Every build runs a per-index **reconciliation gate**: the seed roster is
walked forward through the merged event log and compared against the
current Wikipedia roster. If the resulting diff exceeds 5% of the
current roster, the build fails loud rather than shipping
silently-corrupt data. The full reconciliation report lands in
`data/build_log.md`.

## Limitations

- **Heterogeneous coverage floors.** sp500 from 2005-01-03, sp400 from
  2011-11-20, sp600 only from 2021-03-26 — before that date the S&P 600
  Wikipedia page carried a wrong (~1000-name) roster and no free source
  for its membership exists.

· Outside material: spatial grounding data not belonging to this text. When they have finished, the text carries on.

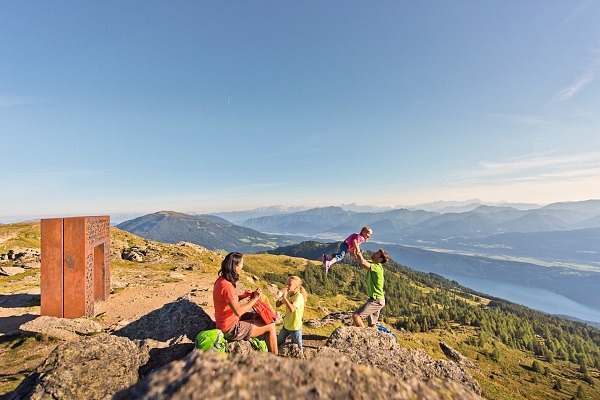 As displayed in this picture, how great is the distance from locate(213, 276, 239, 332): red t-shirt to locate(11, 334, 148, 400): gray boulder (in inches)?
92.7

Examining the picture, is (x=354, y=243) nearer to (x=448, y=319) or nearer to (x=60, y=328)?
(x=60, y=328)

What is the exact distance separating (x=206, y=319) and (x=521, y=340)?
571ft

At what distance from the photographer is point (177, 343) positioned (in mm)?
8477

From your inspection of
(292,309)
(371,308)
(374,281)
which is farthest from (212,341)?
(371,308)

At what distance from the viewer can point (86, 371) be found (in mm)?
6383

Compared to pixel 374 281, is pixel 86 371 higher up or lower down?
lower down

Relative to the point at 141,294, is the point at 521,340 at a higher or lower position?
lower

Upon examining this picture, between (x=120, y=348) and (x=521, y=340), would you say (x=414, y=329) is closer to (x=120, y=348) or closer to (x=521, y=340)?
(x=521, y=340)

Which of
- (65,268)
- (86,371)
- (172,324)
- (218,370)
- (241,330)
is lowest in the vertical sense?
(172,324)

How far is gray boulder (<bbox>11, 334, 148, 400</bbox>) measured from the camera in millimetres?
5895

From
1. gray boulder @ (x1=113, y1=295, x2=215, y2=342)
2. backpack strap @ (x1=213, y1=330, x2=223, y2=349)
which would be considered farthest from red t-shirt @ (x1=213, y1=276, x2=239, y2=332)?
gray boulder @ (x1=113, y1=295, x2=215, y2=342)

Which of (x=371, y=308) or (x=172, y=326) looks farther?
(x=371, y=308)

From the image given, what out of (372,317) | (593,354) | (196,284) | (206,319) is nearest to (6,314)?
(196,284)

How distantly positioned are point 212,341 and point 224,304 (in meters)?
1.02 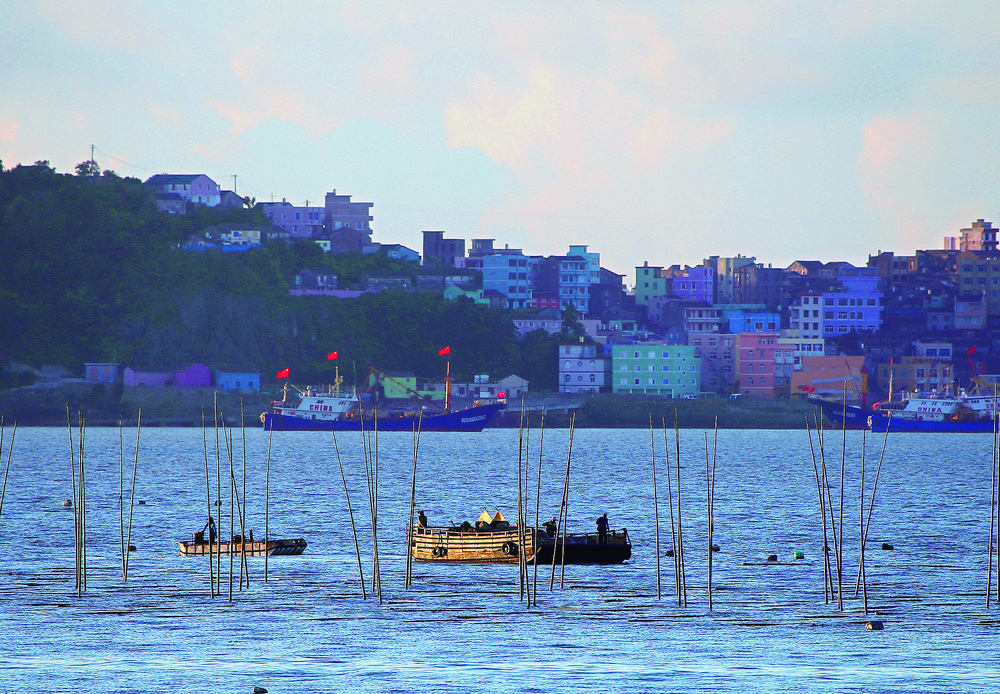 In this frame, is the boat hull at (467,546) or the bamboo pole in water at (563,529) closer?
the bamboo pole in water at (563,529)

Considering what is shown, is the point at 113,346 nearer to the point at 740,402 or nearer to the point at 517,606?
the point at 740,402

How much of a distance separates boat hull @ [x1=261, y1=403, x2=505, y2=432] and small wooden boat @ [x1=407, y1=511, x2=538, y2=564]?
120680 millimetres

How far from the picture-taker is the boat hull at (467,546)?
144 ft

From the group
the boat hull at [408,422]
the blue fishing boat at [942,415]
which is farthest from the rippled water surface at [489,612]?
the blue fishing boat at [942,415]

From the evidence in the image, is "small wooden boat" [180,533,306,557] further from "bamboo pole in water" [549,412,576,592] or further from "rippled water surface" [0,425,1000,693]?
"bamboo pole in water" [549,412,576,592]

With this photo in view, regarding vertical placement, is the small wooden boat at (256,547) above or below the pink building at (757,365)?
below

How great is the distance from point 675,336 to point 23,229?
74145 mm

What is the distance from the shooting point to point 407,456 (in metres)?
129

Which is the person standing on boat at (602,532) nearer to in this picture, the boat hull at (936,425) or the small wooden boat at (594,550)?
the small wooden boat at (594,550)

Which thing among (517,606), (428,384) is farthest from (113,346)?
(517,606)

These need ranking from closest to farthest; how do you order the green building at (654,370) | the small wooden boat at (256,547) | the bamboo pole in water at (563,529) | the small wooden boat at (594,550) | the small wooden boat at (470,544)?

The `sp1500` composite starts at the max of
  the floors. Pre-floor queries raise instead of extrapolating.
- **Fill-event dates are upper bounds.** For sp400/sp600, events
  recovered from revision diffs are dated at the revision timestamp (lag
  ≤ ~1 month vs the true effective date). Precisely-dated changes-table
  events are preferred wherever they exist. This is conservative in the
  no-look-ahead direction.
- **Tickers for delisted constituents may be the upstream-encoded form.**
  The seed dataset uses post-event tickers for some delisted companies
  (`LEHMQ`, `WAMUQ`, `ABKFQ`, …). We patch the most prominent ones via
  `ticker_renames.csv` but coverage is best-effort. PRs welcome.
- **No CIK for sp400 members.** The S&P 400 Wikipedia page does not
  publish a CIK column (the 500 and 600 pages do).
- **No index weights.** Weights require contemporaneous market-cap and
  float data that no truly-free source provides at PIT granularity. If
  you need weights, derive them from the constituent list plus your
  preferred price/shares-outstanding source.
- **No corporate-action provenance.** The change events carry a `reason`
  field where one was captured by the source, but the library is not a
  corporate-actions database.

## Contributing

The most common contribution is **adding a new ticker rename** when an
S&P 500 member changes its ticker. Append a row to
`data/ticker_renames.csv`:

```csv
date,old_ticker,new_ticker,reason
2024-09-12,BLL,BALL,Ball Corporation ticker change.
```

Then re-run `python -m scripts.build_dataset` and commit the regenerated
files in `pitindex/data/`. The same applies to `data/manual_events.csv`
for genuine add/remove events that neither upstream captures.

## License

MIT — see [`LICENSE`](LICENSE).

The bundled data is derived from public sources:
[Wikipedia](https://en.wikipedia.org/wiki/List_of_S%26P_500_companies)
(CC BY-SA 4.0) and the
[`fja05680/sp500`](https://github.com/fja05680/sp500) dataset
(MIT). Factual data (membership, ticker symbols, dates) is not itself
copyrightable; the curation in this repo is MIT.